Alibaba has unveiled Wan2.2-S2V, an open-source speech-to-video model designed to generate digital human videos. The technology enables users to convert portrait photos into film-quality avatars capable of speaking, singing, and performing, broadening the possibilities for professional content creation.
Expanding video creation capabilities
Part of the Wan2.2 video generation series, Wan2.2-S2V allows creators to animate videos using a single image and an audio clip. It supports multiple framing options including portrait, bust, and full-body perspectives, and can dynamically generate character actions and environmental details based on prompts.
The model is powered by advanced audio-driven animation technology that delivers natural and expressive performances, from dialogue to musical pieces. It also supports scenes featuring multiple characters and a wide range of avatars, including cartoon, animal, and stylised designs.
To meet varied production needs, the tool provides flexible output resolutions of 480P and 720P. This makes it suitable for both professional presentations and social media content while ensuring quality visuals for different creative contexts.
Combining innovation and efficiency
Wan2.2-S2V improves upon traditional talking-head animation by merging text-guided global motion control with audio-driven fine-grained local movements.

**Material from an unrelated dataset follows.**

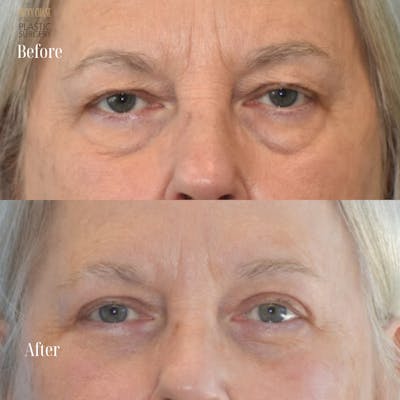 Blepharoplasty Before & After Gallery - Patient 842271 - Image 1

This combination allows for expressive and lifelike performances across complex scenarios.
A notable advancement lies in its frame processing approach. By compressing historical frames of any length into a single latent representation, the model reduces computational demands and ensures stability in long-video generation, addressing a common challenge for extended animated productions.
Alibaba’s research team also built a large-scale audio-visual dataset tailored to film and television scenarios to train the model. Using multi-resolution training, it supports video creation in diverse formats, from short-form vertical content to conventional horizontal film and television outputs.

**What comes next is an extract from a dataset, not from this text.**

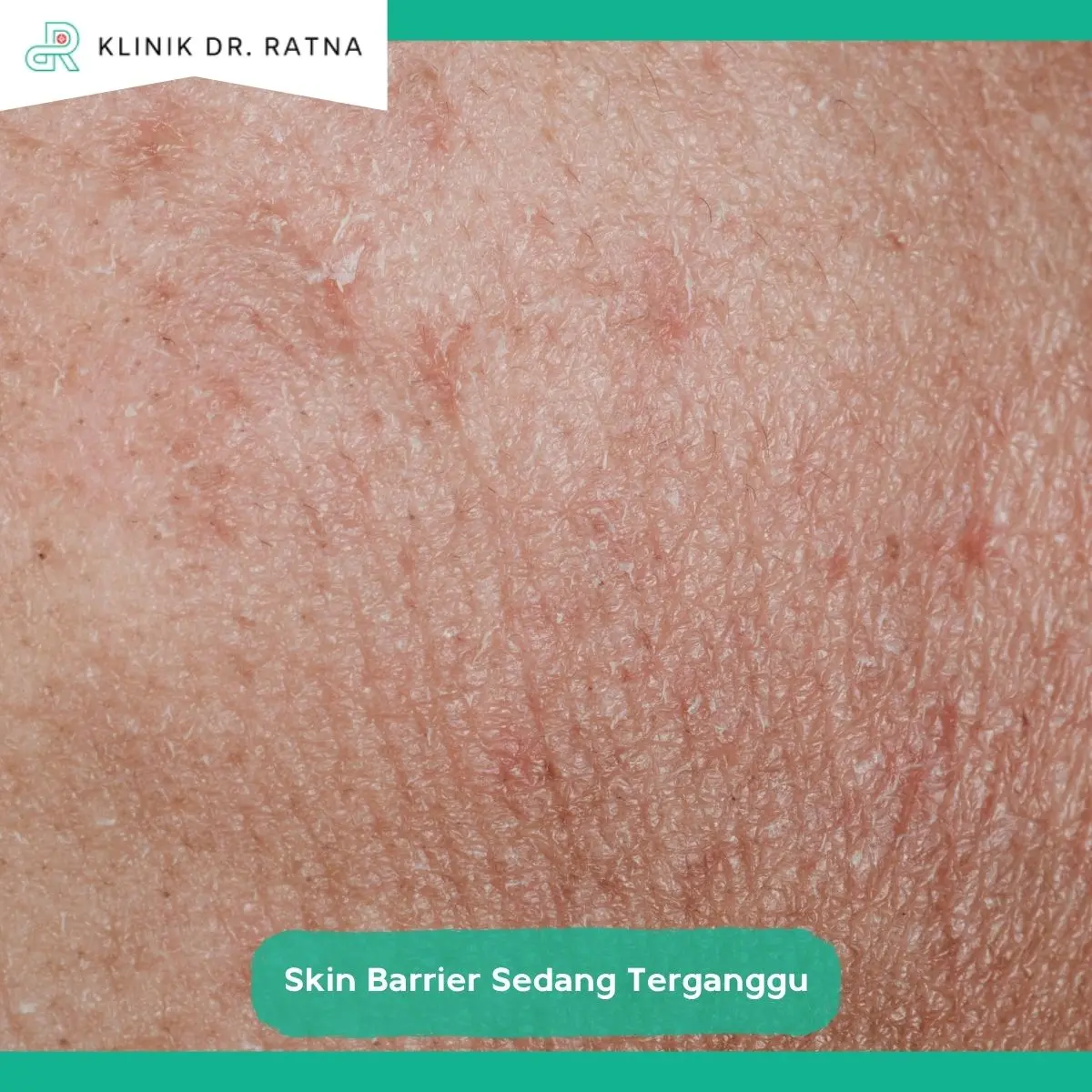 Kulit Perih dan Sensitif Bisa Menjadi Tanda Skin Barrier Rusak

Commitment to open-source community
The Wan2.2-S2V model is available for download on Hugging Face, GitHub, and Alibaba Cloud’s ModelScope. Alibaba has been steadily contributing to the open-source ecosystem, previously releasing Wan2.1 models in February 2025 and Wan2.2 models in July. Together, the Wan series has recorded over 6.9 million downloads across Hugging Face and ModelScope.
Alibaba said the release reflects its ongoing efforts to support professional creators with advanced AI tools while contributing to the wider developer community.